For those who haven’t already indulged in the pulpy crime story in one form or another: Daniel Craig plays left-wing journalist Mikael Blomkvist, who’s just lost most of his savings and is facing the possible folding of his newsmagazine Millennium after losing a libel case to a slippery captain of industry.
Retreating to the shadows to lick his wounds, Blomkvist is summoned to a bleak, windswept Northern island populated by the Vanger clan, billionaire industrialists who have connections to the Nazis and who all live within a stone’s throw of one another but don’t ever speak.
Henrik Vanger (Christopher Plummer) has never gotten over the disappearance and probable murder of his niece Harriet some 40 years before, due to the fact that every year on his birthday, he receives what he believes to be a gift from Harriet’s killer who he’s convinced is taunting him.

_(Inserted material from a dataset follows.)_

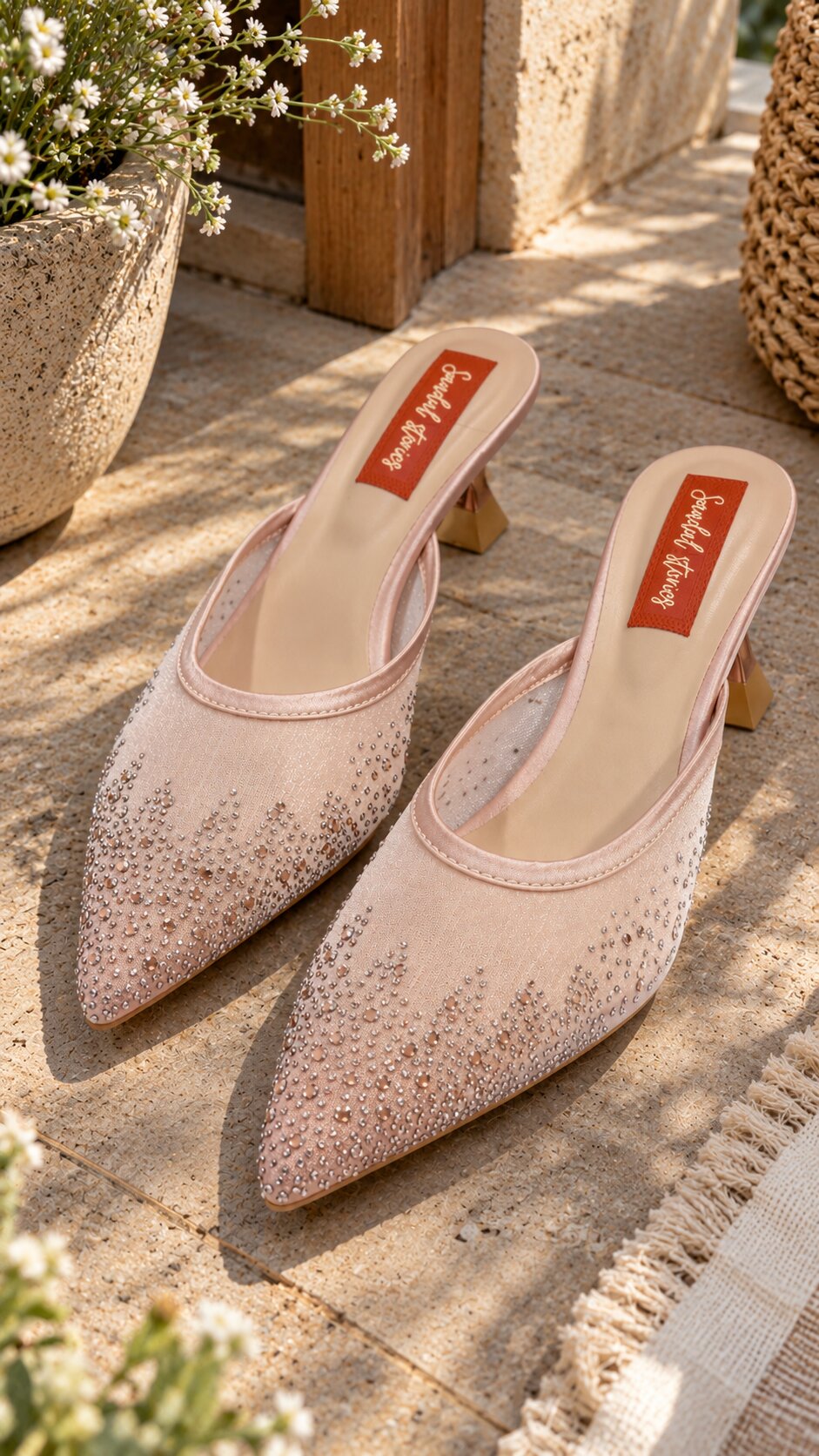 Rose Sparkle Mesh Mules | 2 Inch Kitten Heels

Vanger asks Blomkvist to use his investigative skills to go over the case again; promising to reward him financially and provide information that will help pin down that slippery businessman who ruined Blomkvist’s reputation as a journalist.
Meanwhile back in Stockholm, Lisbeth Salander (Rooney Mara), a sullen and often monosyllabic but unusually gifted computer hacker, has been busy vetting Blomqvist for the Vanger clan. Branded a ward of the state, Lisbeth must make regular appearances before an oily parole officer (Yorick van Wageningen) intent on using his power over her to his own disgusting and nefarious advantage.
When Blomkvist learns that someone’s been electronically tracking his every move, he shows up at Lisbeth’s door and convinces her to help him crack the case. Together they uncover a series of long-unsolved crimes that may be connected to both Harriet’s disappearance and the Vanger family’s monstrous past.
At 2 hours and 40 minutes, there are times when the story’s forward momentum feels plodding (Fincher has added elements from the source material that were absent from Oplev’s version) and at the end of the day, the resolution of the central story comes via the two main characters ploughing though endless old documents and photographs; pretty much the antithesis of dazzling on-screen mystery-solving.
Still, Fincher and screenwriter Steve Zaillian (Moneyball) have managed to create a sleeker, sexier film that feels intense and disturbing in a way that pays perfect homage to Larsson’s grim pulp fiction novel.
Mara puts her own spin on Lisbeth Salander (who was brought so ferociously to life by Noomi Rapace in the Swedish film), choosing to play her as a wounded animal that appears to be vulnerable until she’s backed into a corner. It works especially well in conjunction with Craig’s quietly masculine performance: it’s easy to see why these two misfits would ultimately be drawn to one another.
Fincher’s The Girl With The Dragon Tattoo manages to build on the original film without copying it, reinventing it or ignoring it. He’s made the story more cinematic and sweeping while still maintaining the quiet contemplative tone of the first film.
Even for those who ardently believe that this version’s mere existence is useless, it’s a feat well worth checking out and a filmmaking mystery that fans of the series will unquestionably enjoy attempting to solve for themselves.